Few-Shot Medical Image Segmentation (FSMIS) has been widely used to train a model that can perform segmentation from only a few annotated images. However, most existing prototype-based FSMIS methods generate multiple prototypes from the support image solely by random sampling or local averaging, which can cause particularly severe boundary blurring due to the tendency for normal features accounting for the majority of features of a specific category. Consequently, we propose to focus more attention to those weaker features that are crucial for clear segmentation boundary. Specifically, we design a Support Self-Prediction (SSP) module to identify such weak features by comparing true support mask with one predicted by global support prototype. Then, a Hard Prototypes Generation (HPG) module is employed to generate multiple hard prototypes based on these weak features. Subsequently, a Multiple Similarity Maps Fusion (MSMF) module is devised to generate final segmenting mask in a dual-path fashion to mitigate the imbalance between foreground and background in medical images.

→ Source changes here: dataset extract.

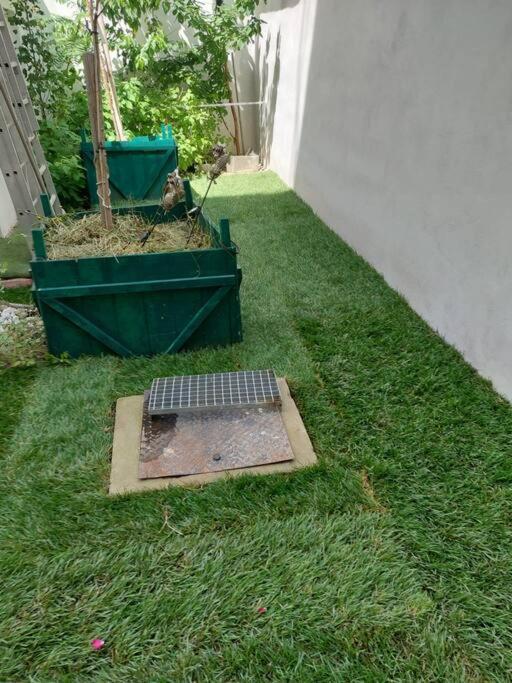 Stilvolle Wohnung Mit Terrasse/Garten Wiedeń Zewnętrze zdjęcie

Furthermore, we introduce a boundary loss to further constraint the edge of segmentation. Extensive experiments on three publicly available medical image datasets demonstrate that our method achieves state-of-the-art performance. Code is available at https://github.com/jcjiang99/CoW.

Paper Structure

This paper contains 31 sections, 18 equations, 9 figures, 9 tables, 1 algorithm.

Figures (9)

  • Figure 1: Comparison between previous methods and ours. (a) The previous methods generate multiple prototypes only by random sampling or local averaging, giving insufficient attention to weak boundary details. (b) Our proposed CoW instead concentrates more on these weak features of a specific category, thus acquiring a more comprehensive representation of the category distribution and achieving clearer segmentation boundary.
  • Figure 2: Illustration of CoW. We employ a shared feature encoder to learn deep features for both support and query images. In each episode, we firstly conduct SSP with support prototype $\mathbf{p}$ obtained via MAP. Next we compare this prediction with the ground truth $M_s$ to acquire the instruction for hard and normal feature points. Then we perform random sampling and reconstruct support feature map, which is used for generating multiple hard and normal prototypes for foreground and background, respectively. At last, these prototypes are applied to generate multiple prediction similarity maps that are fused by a lightweight decoder to get final segmentation mask.
  • Figure 3: Comparison of qualitative results between our method and other on Abd-MRI.
  • Figure 4: t-SNE visualization for generated normal and hard prototypes. 'Fg' implies foreground and 'Bg' implies background.
  • Figure 5: Comparison of qualitative results between our method and other on Abd-CT.